His hemoglobin level had dropped by age 50. For most women, the hemoglobin level is between 120 and 150.
“She was a little dizzy, felt a little unwell, but…didn’t have a very high heart rate or very low blood pressure,” Dr Keegan said.
“Just because she [haemoglobin] number was low, they thought they should give him a red blood cell transfusion.
“So I think there’s still a bit of a knee jerk when it comes to giving a transfusion in that kind of setting.”
How do we know that blood is not always put to good use?
In that case, Dr. Keegan could step in and stop an unnecessary transfusion. But the exact amount of blood used inappropriately in Australia is not known.
The National Blood Authority maintains systems that track blood – and blood-based products – from suppliers such as Lifeblood to Australian healthcare providers.
These systems record whether units of blood are transfused to a patient or discarded.
Blood can be discarded if, for example, its expiry date has passed. A little of this type of waste is expected to ensure the availability of a sufficient quantity of blood products.
In other words, it is better to have too much and throw away a little than to run out.
Only 1.6% of blood is discarded in Australia – down from around 5% a few years ago, a National Blood Authority spokesperson said.
Whether transfused blood is being used appropriately, however, is harder to measure and not recorded in national blood systems, they added.
As medical and surgical practices have changed, the need for blood transfusions has also decreased.
Like Dr. Keegan, other physicians and specialists report that inappropriate transfusions still occur.
There are far fewer unnecessary transfusions these days compared to a few decades ago, but there is room for improvement, according to Erica Wood, a specialist in transfusion medicine and head of the Transfusion Research Unit at Monash University.

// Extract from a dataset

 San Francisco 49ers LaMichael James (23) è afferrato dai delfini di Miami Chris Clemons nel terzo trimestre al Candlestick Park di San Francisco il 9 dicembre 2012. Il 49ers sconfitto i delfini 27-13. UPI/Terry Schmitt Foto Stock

“If you can avoid even one transfusion of red blood cells that a patient [doesn’t need]so it’s a good investment,” said Professor Wood, who is also president of the International Society of Blood Transfusion.
Dr. Towler agreed.
He said there are systems overseas that could further reduce the number of unnecessary transfusions in Australia.
Software used in Maine, USA, for example, analyzes patient information when a clinician orders a blood transfusion.
“And if it wasn’t an emergency scenario, it would be up to the clinician ordering the blood if [was] coherent [or not] with current best practices and gave the clinician the opportunity to speak with a transfusion hematologist,” said Dr. Towler.
“We didn’t get that far.”
Focus on the patients, not the product
The National Blood Authority publishes patient blood management guidelines for Australia.
Dr Keegan was part of the Evolve initiative which today released a set of reminder recommendations to hospitals and clinicians ordering and using blood.
The shift from thinking about how best to manage the product – blood – to what is best for the patient has improved the way blood is used.
“It’s really about patient blood management – optimal care for the patient,” Dr. Towler said.
About 28% of Lifeblood’s red blood cells go to surgeries, and surgery is where huge strides have been made in reducing blood transfusions.
“Before, there were policies that were to routinely donate two units of blood to anyone who had hip replacement surgery,” Dr. Towler said.
“In Western Australia, in the best programs here, less than 1% of patients are being transfused right now.
“Absolutely massive changes.”
Making sure people have enough red blood cells before they go under the knife is also important – and can be rectified without a blood transfusion if caught early enough, Dr Towler added.
“We’re just starting to see … more reliable assessments of patients in preparation for surgery, and simple things like managing anemia in advance.”
Involving patients in decisions about transfusions is also important, said Professor Wood.
“Patients are a very important part of planning and carrying out, not just receiving, transfusions.”